Wikipedia:Reference desk/Archives/Computing/2022 May 27

From Wikipedia, the free encyclopedia
Computing desk
< May 26 << Apr | May | Jun >> May 28 >
Welcome to the Wikipedia Computing Reference Desk Archives
The page you are currently viewing is a transcluded archive page. While you can leave answers for any questions shown below, please ask new questions on one of the current reference desk pages.


May 27

[edit]

Regex

[edit]

With regular expressions (I am using the perl variety), how do you capture a character and then match any character except that one?

I tried /(.)[^\1]/ but apparently back references don't work in groups. I tried to match (say) "banana" with something like /(.)(.)([^\1])\2\3\2/ which doesn't work. -- SGBailey (talk) 06:43, 27 May 2022 (UTC)[reply]

It is not valid to use backreferences like \1 inside a character class [ ... ]. That is why it doesn't work.
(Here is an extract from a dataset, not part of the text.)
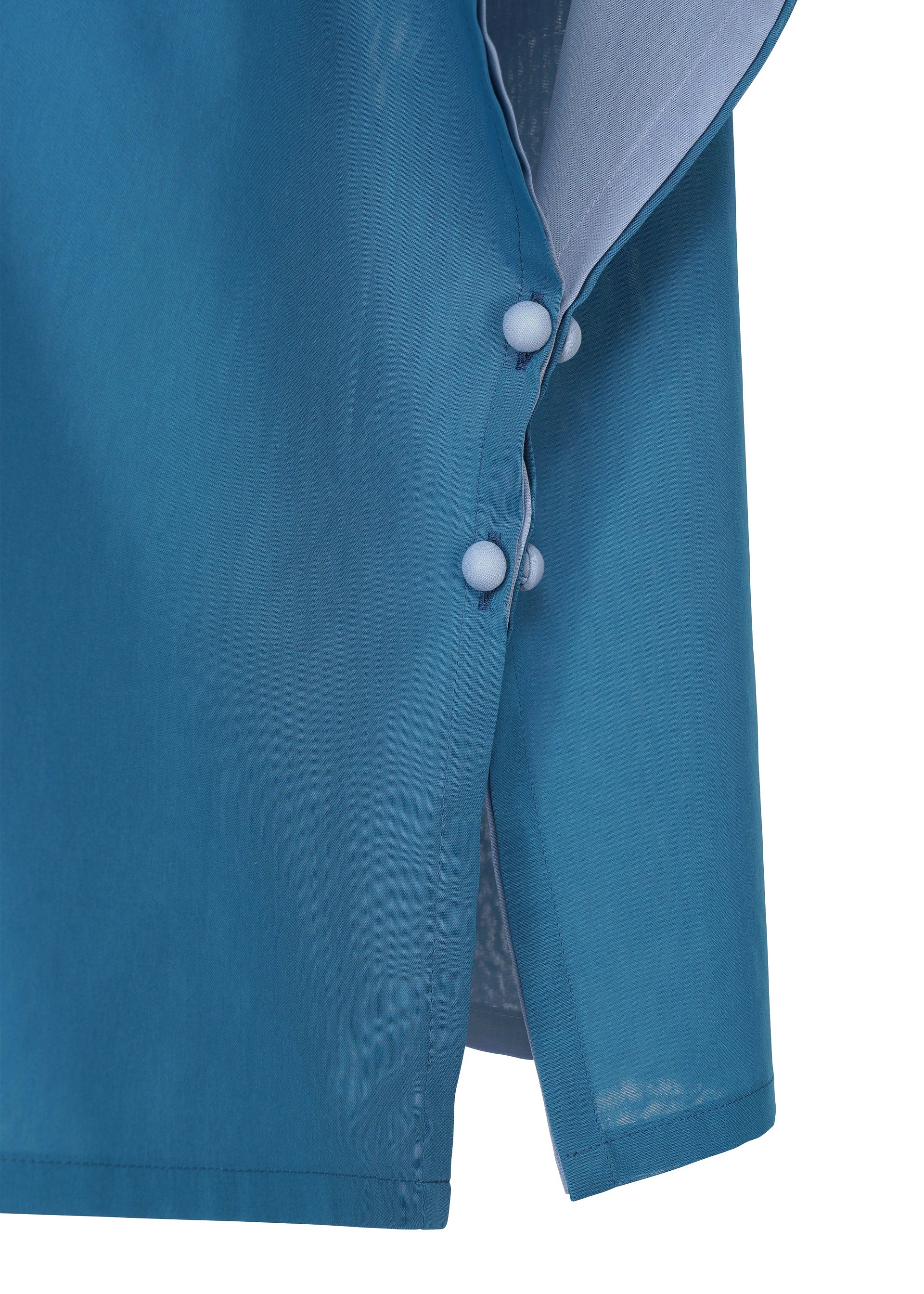 Zoomed view Close-up of SHEER FOLIO by 132 5. ISSEY MIYAKE: a blue sleeve with three fabric-covered buttons along the seam, partially unbuttoned to show layered fabric and a lighter blue inner lining.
Unfortunately, that is the limit of my RegEx knowledge. 97.82.165.112 (talk) 14:44, 27 May 2022 (UTC)[reply]
I haven't got a complete answer yet, but (.)(?!\1) will match the first character not followed by the same character. I picked that up from here: "Negative lookahead is indispensable if you want to match something not followed by something else." So (.)(?!\1). matches a character and then any character except that one.
OK, I think a parallel of what you tried to write for "banana" is (.)(.)(?!\1)(.)\2\3\2
This says "some first character, some second character not followed by a repeat of the first, some third character," and then obviously the \2\3\2 repeats characters 2, 3 and 2 again. This will match banana, but will also match baaaaa. Note that (?!\1) is not in itself a character or group - my terminology might be wrong here, but anyway, I mean you can't refer back to it, it's not \3. It just looks ahead past the preceding character to check a fact about the next one.
Then there's the variation (.)(.)(?!\2)(.)\2\3\2
This says "some first character, some second character not followed by itself, some third character," then second, third, second again. So it matches banana, bbnbnb and bababa.
My super ultimate banana-matcher in its final form is (.)(?!\1)(.)(?!\1|\2)(.)\2\3\2  Card Zero  (talk) 14:44, 27 May 2022 (UTC)[reply]

Thx -- SGBailey (talk) 06:21, 29 May 2022 (UTC)[reply]